Philly Building Trades Agree to Take Lower Pay for Public Housing
Philadelphia’s building-trades unions have agreed to take 20% lower pay and benefits by 20 percent when constructing new buildings for the city Housing Authority. In return, the authority will pledge to engage only contractors who hire union laborers, carpenters, painters, and other workers when it builds “affordable housing.” “This is a very, very good negotiated agreement," said Pat Eiding, secretary-treasurer of the Building and Construction Trades Council of Philadelphia, who explained that it would enable members of the council’s 14 unions to get work that now often goes to nonunion contractors.

Aqueduct Union Deal Bodes Well for Upstate Casino Jobs
Contracts negotiated by the New York Hotel and Motel Trades Council at Resorts World’s Aqueduct racino in Queens are an encouraging sign for high wages at casinos slated for the Albany area.

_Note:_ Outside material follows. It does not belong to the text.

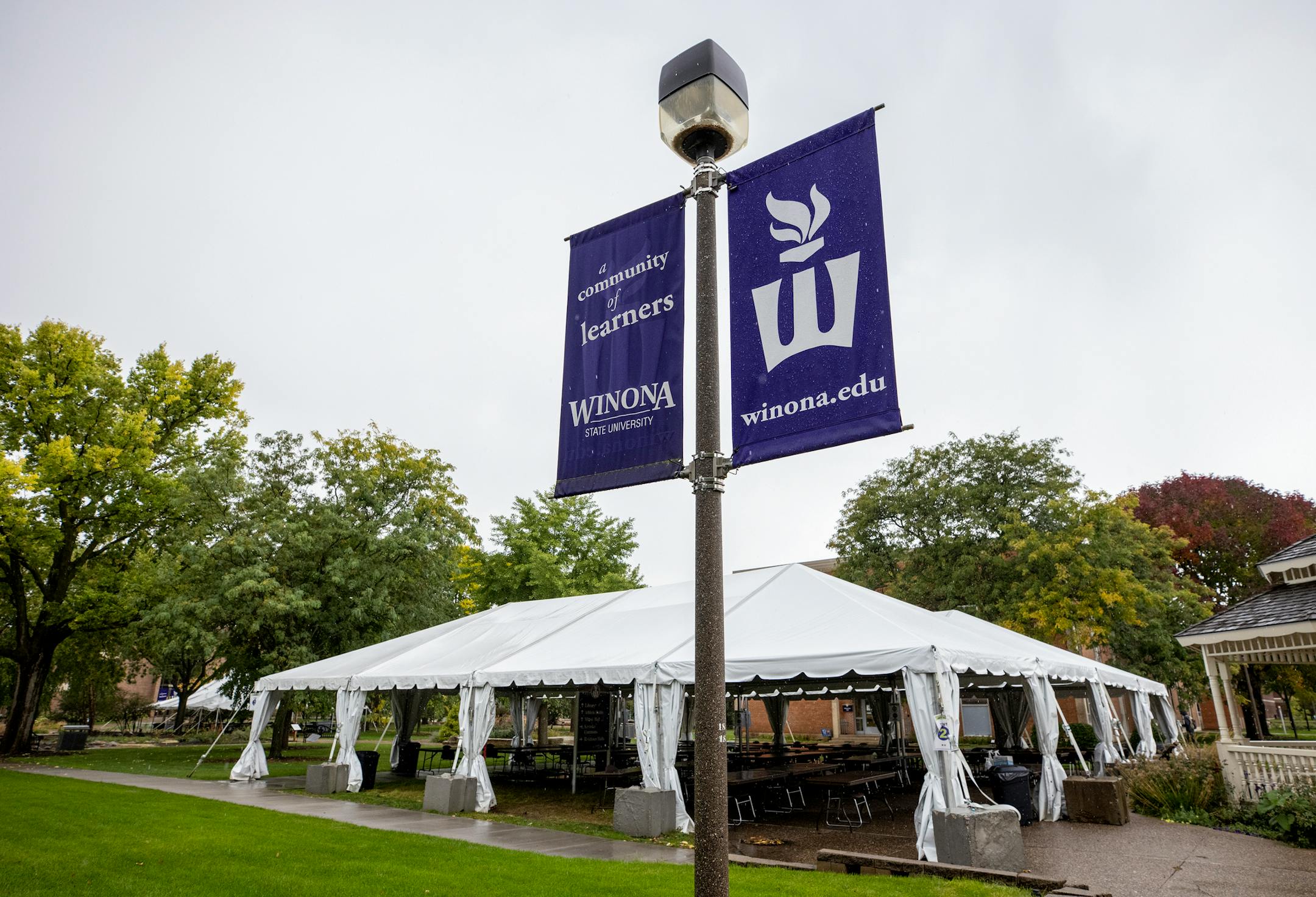 Tents were set up on the campus of Winona State University to host outdoor classes. ] CARLOS GONZALEZ • cgonzalez@startribune.com – Winona, MN, – September 24, 2020, A sense of normalcy has returned to college towns across Minnesota since the start of the fall semester, but with it has come increases in COVID-19 cases and greater risk to small communities like Winona,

The state Gaming Commission is requiring bidders for casino licenses to open their facilities to union organizing and to make project-labor agreements to pay prevailing wages when constructing them. While workers’ salaries at the new casinos probably won’t be as high as those in New York City, there’s a strong chance that they will average more than $40,000 a year. The casino license applications are due June 30.

Jewish-School Teachers Running Out of Options to Save Union
Teachers at two Jewish elementary schools in the Philadelphia suburbs are running out of options to prevent management from ending their union recognition. The Perelman Jewish Day School board told teachers in March that it would no longer recognize their American Federation of Teachers representation after the contract expires on Aug. 31. “The brunt of Jewish law is on the side of the workers and on the side of the unions,” Rabbi Jill Jacobs, head of T’ruah, a rabbinical human-rights organization, explained at a June 18 meeting. The school board is ignoring that, and it also claims that private religious schools are exempt from federal collective-bargaining laws. The AFT has filed several unfair-practices complaints with the National Labor Relations Board.

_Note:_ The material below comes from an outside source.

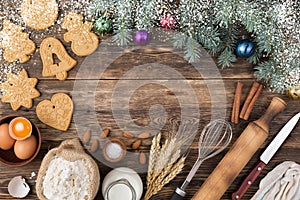 Christmas baking background culinary background with spices and Christmas winter ingredients for baking on a vintage wooden table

NLRB Asks for Revote at Oklahoma Chicken Plant
The National Labor Relations Board has asked OK Foods to let maintenance and refrigeration workers at its chicken-processing plant in Heavener, Oklahoma vote again on whether to join United Food and Commercial Workers Union Local 1000. The union narrowly lost a vote May 1, but alleged that the company had denied wage increases, benefits, and retroactive pay to workers engaged in union activities. In a June 20 letter, NLRB Region 14 in Overland Park, Kansas asked OK Foods to settle voluntarily or face formal charges. “We’ve concluded there was enough evidence,” said NLRB regional director Dan Hubbel.

Sharpton Calls for Healing at Jewish Labor Committee
“We that have done things that has led to the division of blacks and Jews have to work vigorously to heal the wounds,” the Rev. Al Sharpton said at the Jewish Labor Committee’s annual Human Rights Awards Dinner in New York June 19. JLC president Stuart Appelbaum, who also heads the Retail, Wholesale and Department Store Union, said the group decided to invite Sharpton to help “re-establish the relationship that motivated us for so many decades,” such as in the civil-rights movement. The group honored Lee Saunders, president of the American Federation of State, County and Municipal Employees, and Teamsters international vice president at-large George Miranda.

Neutrality Agreements Help UAW Organize
Getting neutrality agreements from employers has helped the United Auto Workers organize workers at a bus factory in Tulsa, Oklahoma and graduate-student employees at several universities. Since 2009, nine of every 10 new UAW members have come from elections in which management did not actively oppose the organizing effort, the union said earlier this month. Peter Barker, a retired regional director at the National Labor Relations Board, says the UAW’s relationships with GM, Ford and Chrysler helped it win neutrality agreements elsewhere in the industry because “the Detroit Three wanted to make sure their auto suppliers were not going to have labor problems if there was an organizing drive going on.” But neutrality remains the exception when most employers are hostile to unions, especially in the South.